January 11th is the 21st anniversary of my beloved younger brother Paul’s suicide. He had a learning disability called “mental retardation” in an unenlightened era that treated those so stigmatized as inferior. They were expected to be warehoused in an institution or kept away from the rest of us so as not to discomfort. He suffered deeply from that stigma all his life but couldn’t escape it.

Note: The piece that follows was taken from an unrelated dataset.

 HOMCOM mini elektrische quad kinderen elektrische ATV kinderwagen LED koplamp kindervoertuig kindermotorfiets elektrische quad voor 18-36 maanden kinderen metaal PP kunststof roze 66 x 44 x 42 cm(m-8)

To be honest, I didn’t understand his learning disability until after he died. He had a wonderful wry wit, was a brilliant Scrabble player, had an extraordinary mathematical memory, read the NY Times & intelligently discussed the news. Abuse of other human beings infuriated him. But he couldn’t get a decent job & was always treated like a dolt. The stigma of retardation doesn’t recognize emotional depth or complexity & subtlety in human intelligence & just writes off those with learning problems as stupid slugs. That’s why he was also profoundly sad & lonely & would act shy & taciturn so others wouldn’t spot his humiliating ‘condition’. But the condition was never his; it was social hatred for those with stigmatized limitations.
After working with the Self Advocacy Movement of those with learning disabilities, I’ve come to understand “mental retardation” as a social construct, a deeply discriminatory, malignant construct that isolates & stigmatizes people & which humane societies will have no part of. I can’t bring him back to tell him his suicide taught me to understand what he knew so well. But I can keep my commitment to object when people use the “R-word” or any of its derivatives like “libtard” as an epithet or when they refer to adults with learning disabilities as toddlers in adult bodies. I can honor him by using the anniversary of his death to object to the stigma & barriers put up against full participation in social life for those with disabilities.
May he Rest In Peace. I still miss that sweet, sensitive, very kind & very witty man.